Ten dzień upłynął nam na zaznajamianiu się ze statkiem, wszelkimi jego udogodnieniami oraz różnymi możliwościami kulinarnymi, które zdawały się nie kończyć od świtu do późnej nocy. Rano po śniadaniu rozłożyliśmy się na 7 pokładzie obok jacuzzi.
Po wymoczeniu się w nim, poszliśmy na spotkanie dotyczące wycieczek oferowanych przez Thompsona. Spotkanie niewiele wniosło do naszego dotychczasowego planu podróży. Następnie poszłam pływać a po obiedzie trochę poleżeliśmy w pokoju i poopalaliśmy się na leżakach. Czas upłynął leniwie.

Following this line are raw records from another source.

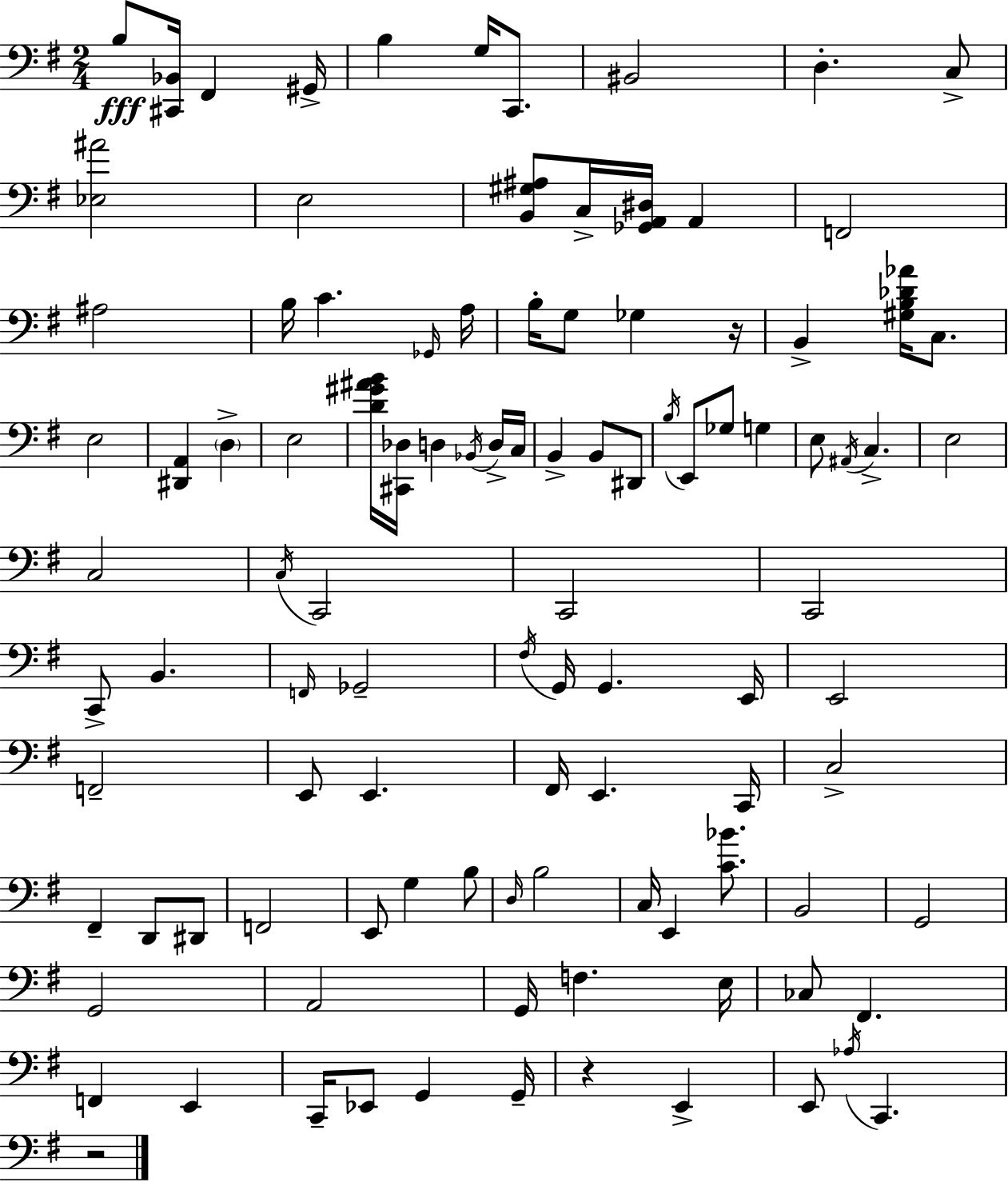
X:1
T:Untitled
M:2/4
L:1/4
K:Em
B,/2 [^C,,_B,,]/4 ^F,, ^G,,/4 B, G,/4 C,,/2 ^B,,2 D, C,/2 [_E,^A]2 E,2 [B,,^G,^A,]/2 C,/4 [_G,,A,,^D,]/4 A,, F,,2 ^A,2 B,/4 C _G,,/4 A,/4 B,/4 G,/2 _G, z/4 B,, [^G,B,_D_A]/4 C,/2 E,2 [^D,,A,,] D, E,2 [D^G^AB]/4 [^C,,_D,]/4 D, _B,,/4 D,/4 C,/4 B,, B,,/2 ^D,,/2 B,/4 E,,/2 _G,/2 G, E,/2 ^A,,/4 C, E,2 C,2 C,/4 C,,2 C,,2 C,,2 C,,/2 B,, F,,/4 _G,,2 ^F,/4 G,,/4 G,, E,,/4 E,,2 F,,2 E,,/2 E,, ^F,,/4 E,, C,,/4 C,2 ^F,, D,,/2 ^D,,/2 F,,2 E,,/2 G, B,/2 D,/4 B,2 C,/4 E,, [C_B]/2 B,,2 G,,2 G,,2 A,,2 G,,/4 F, E,/4 _C,/2 ^F,, F,, E,, C,,/4 _E,,/2 G,, G,,/4 z E,, E,,/2 _A,/4 C,, z2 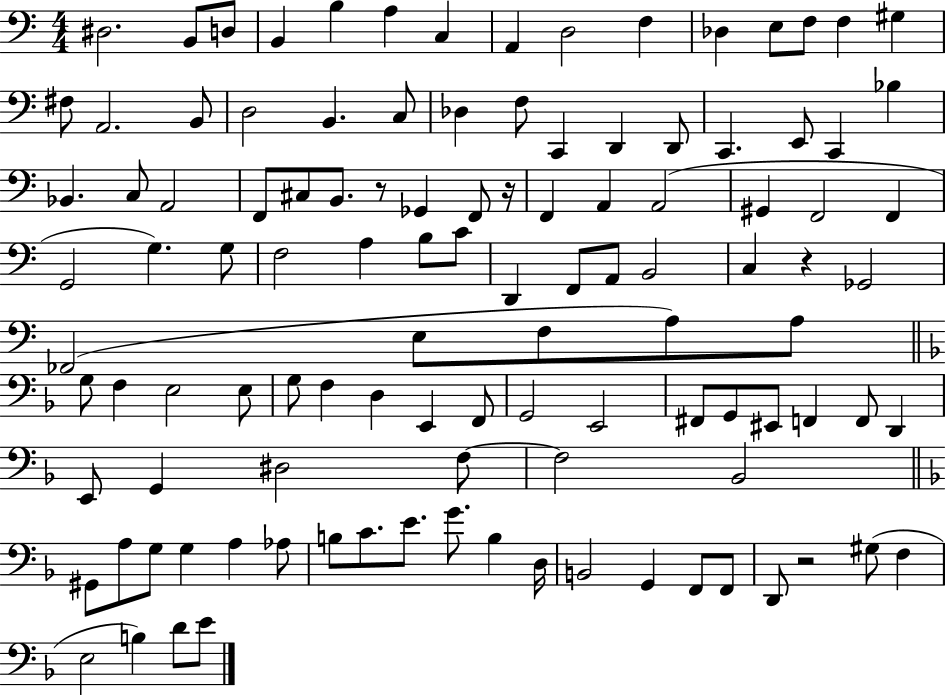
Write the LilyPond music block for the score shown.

{
  \clef bass
  \numericTimeSignature
  \time 4/4
  \key c \major
  \repeat volta 2 { dis2. b,8 d8 | b,4 b4 a4 c4 | a,4 d2 f4 | des4 e8 f8 f4 gis4 | \break fis8 a,2. b,8 | d2 b,4. c8 | des4 f8 c,4 d,4 d,8 | c,4. e,8 c,4 bes4 | \break bes,4. c8 a,2 | f,8 cis8 b,8. r8 ges,4 f,8 r16 | f,4 a,4 a,2( | gis,4 f,2 f,4 | \break g,2 g4.) g8 | f2 a4 b8 c'8 | d,4 f,8 a,8 b,2 | c4 r4 ges,2 | \break fes,2( e8 f8 a8) a8 | \bar "||" \break \key d \minor g8 f4 e2 e8 | g8 f4 d4 e,4 f,8 | g,2 e,2 | fis,8 g,8 eis,8 f,4 f,8 d,4 | \break e,8 g,4 dis2 f8~~ | f2 bes,2 | \bar "||" \break \key f \major gis,8 a8 g8 g4 a4 aes8 | b8 c'8. e'8. g'8. b4 d16 | b,2 g,4 f,8 f,8 | d,8 r2 gis8( f4 | \break e2 b4) d'8 e'8 | } \bar "|."
} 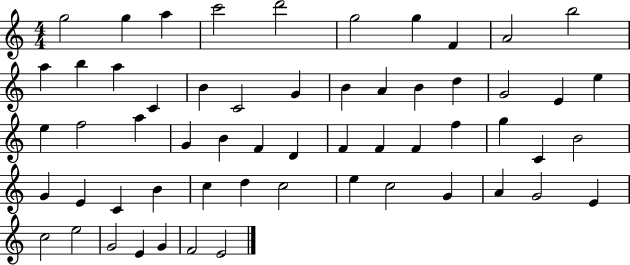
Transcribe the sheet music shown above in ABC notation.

X:1
T:Untitled
M:4/4
L:1/4
K:C
g2 g a c'2 d'2 g2 g F A2 b2 a b a C B C2 G B A B d G2 E e e f2 a G B F D F F F f g C B2 G E C B c d c2 e c2 G A G2 E c2 e2 G2 E G F2 E2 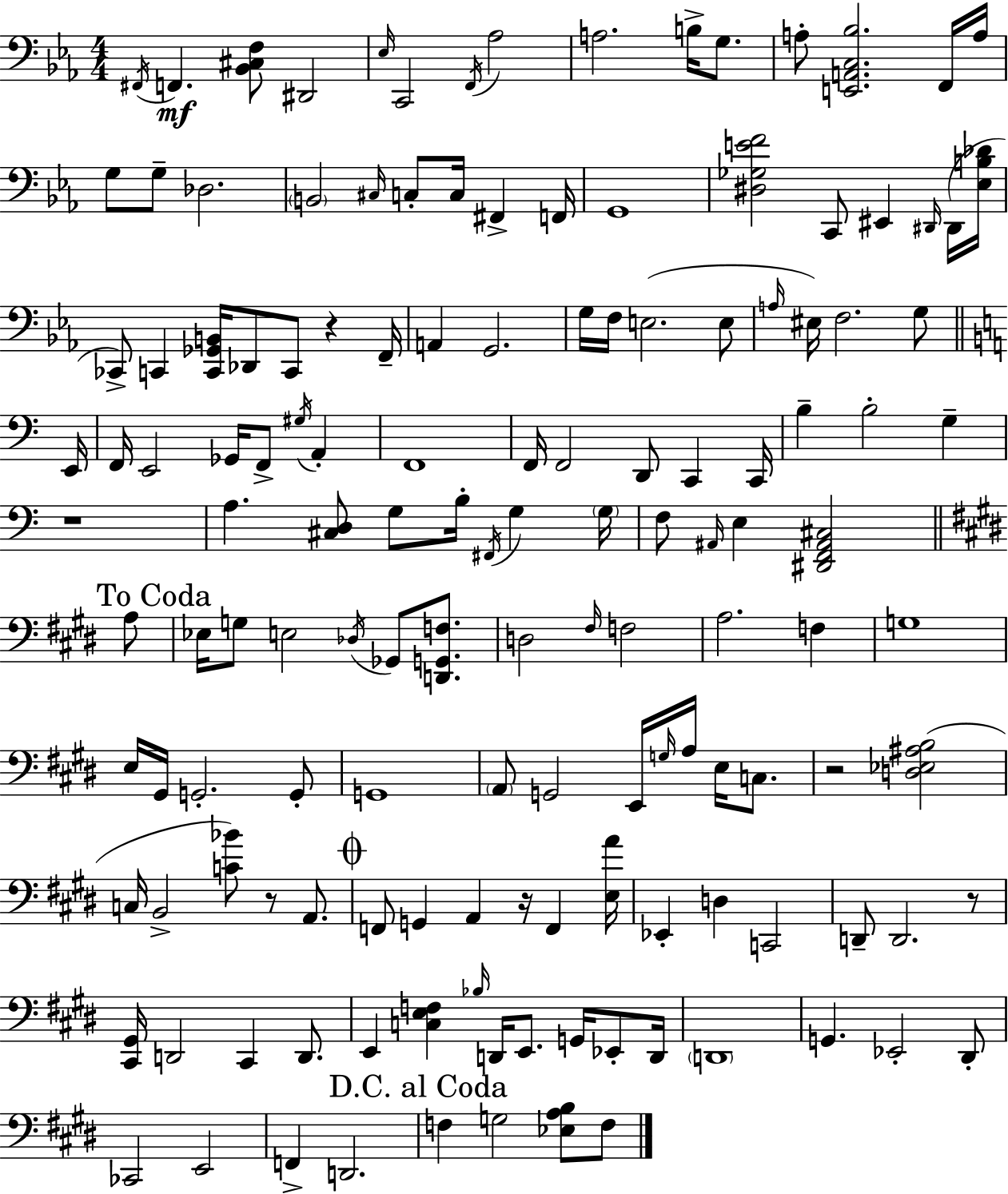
X:1
T:Untitled
M:4/4
L:1/4
K:Eb
^F,,/4 F,, [_B,,^C,F,]/2 ^D,,2 _E,/4 C,,2 F,,/4 _A,2 A,2 B,/4 G,/2 A,/2 [E,,A,,C,_B,]2 F,,/4 A,/4 G,/2 G,/2 _D,2 B,,2 ^C,/4 C,/2 C,/4 ^F,, F,,/4 G,,4 [^D,_G,EF]2 C,,/2 ^E,, ^D,,/4 ^D,,/4 [_E,B,_D]/4 _C,,/2 C,, [C,,_G,,B,,]/4 _D,,/2 C,,/2 z F,,/4 A,, G,,2 G,/4 F,/4 E,2 E,/2 A,/4 ^E,/4 F,2 G,/2 E,,/4 F,,/4 E,,2 _G,,/4 F,,/2 ^G,/4 A,, F,,4 F,,/4 F,,2 D,,/2 C,, C,,/4 B, B,2 G, z4 A, [^C,D,]/2 G,/2 B,/4 ^F,,/4 G, G,/4 F,/2 ^A,,/4 E, [^D,,F,,^A,,^C,]2 A,/2 _E,/4 G,/2 E,2 _D,/4 _G,,/2 [D,,G,,F,]/2 D,2 ^F,/4 F,2 A,2 F, G,4 E,/4 ^G,,/4 G,,2 G,,/2 G,,4 A,,/2 G,,2 E,,/4 G,/4 A,/4 E,/4 C,/2 z2 [D,_E,^A,B,]2 C,/4 B,,2 [C_B]/2 z/2 A,,/2 F,,/2 G,, A,, z/4 F,, [E,A]/4 _E,, D, C,,2 D,,/2 D,,2 z/2 [^C,,^G,,]/4 D,,2 ^C,, D,,/2 E,, [C,E,F,] _B,/4 D,,/4 E,,/2 G,,/4 _E,,/2 D,,/4 D,,4 G,, _E,,2 ^D,,/2 _C,,2 E,,2 F,, D,,2 F, G,2 [_E,A,B,]/2 F,/2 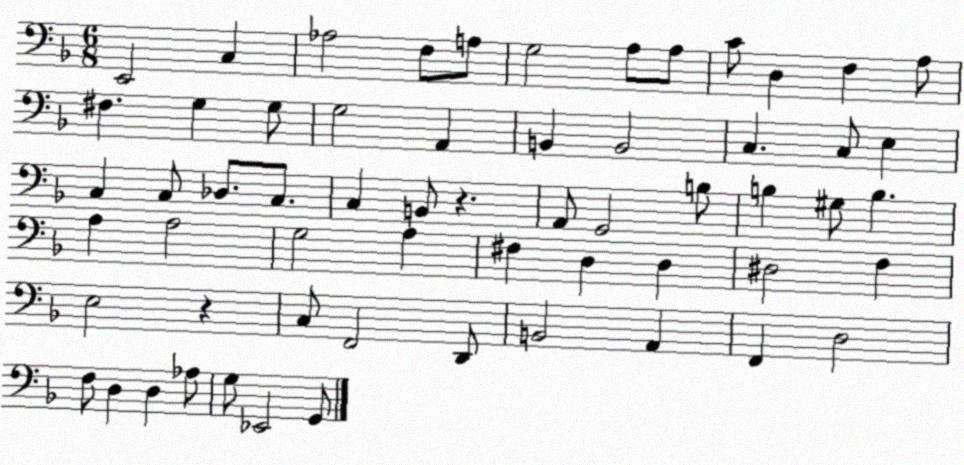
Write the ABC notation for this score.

X:1
T:Untitled
M:6/8
L:1/4
K:F
E,,2 C, _A,2 F,/2 A,/2 G,2 A,/2 A,/2 C/2 D, F, A,/2 ^F, G, G,/2 G,2 A,, B,, B,,2 C, C,/2 E, C, C,/2 _D,/2 C,/2 C, B,,/2 z A,,/2 G,,2 B,/2 B, ^G,/2 B, A, A,2 G,2 A, ^F, D, D, ^D,2 F, E,2 z C,/2 F,,2 D,,/2 B,,2 A,, F,, D,2 F,/2 D, D, _A,/2 G,/2 _E,,2 G,,/2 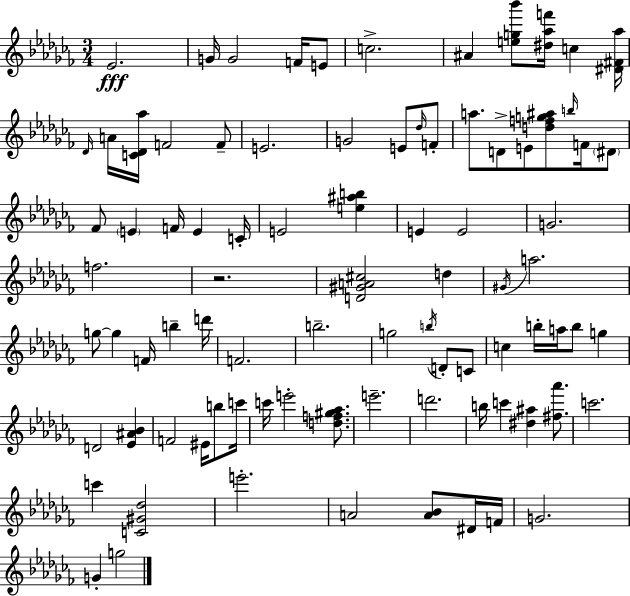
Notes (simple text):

Eb4/h. G4/s G4/h F4/s E4/e C5/h. A#4/q [E5,G5,Bb6]/e [D#5,Ab5,F6]/s C5/q [D#4,F#4,Ab5]/s Db4/s A4/s [C4,Db4,Ab5]/s F4/h F4/e E4/h. G4/h E4/e Db5/s F4/e A5/e. D4/e E4/e [D5,F5,G5,A#5]/e B5/s F4/s D#4/e FES4/e E4/q F4/s E4/q C4/s E4/h [E5,A#5,B5]/q E4/q E4/h G4/h. F5/h. R/h. [D4,G#4,A4,C#5]/h D5/q G#4/s A5/h. G5/e G5/q F4/s B5/q D6/s F4/h. B5/h. G5/h B5/s D4/e C4/e C5/q B5/s A5/s B5/e G5/q D4/h [Eb4,A#4,Bb4]/q F4/h EIS4/s B5/e C6/s C6/s E6/h [D5,F5,G#5,Ab5]/e. E6/h. D6/h. B5/s C6/q [D#5,A#5]/q [F#5,Ab6]/e. C6/h. C6/q [C4,G#4,Db5]/h E6/h. A4/h [A4,Bb4]/e D#4/s F4/s G4/h. G4/q G5/h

Doszliśmy też do wniosku, że taki dzień na morzu, bez schodzenia jest bardzo potrzebny po długiej podróży i przestawieniu czasu. Wieczorem była uroczysta kolacja z kapitanem. Wszyscy panowie byli w garniturach lub smokingach a panie eleganckich sukienkach. Nawet nie spodziewaliśmy się, że tak wszyscy dopiszą ze strojami.
Kolacja podawana była do stolika w restauracji Meridien. Menu było bogate w wybór – od homara, przez kaczkę, wołowinę aż po ptysie i crumble. Mieliśmy też zabawny moment, kiedy kelner otwierając homara wywalił go na podłogę. Dodatkowo moja mama pół minuty wcześniej oznajmiła, że zaraz kelner upuści tego homara na ziemię. Kiedy się to więc zdarzyło, wszyscy się śmialiśmy razem z kelnerem.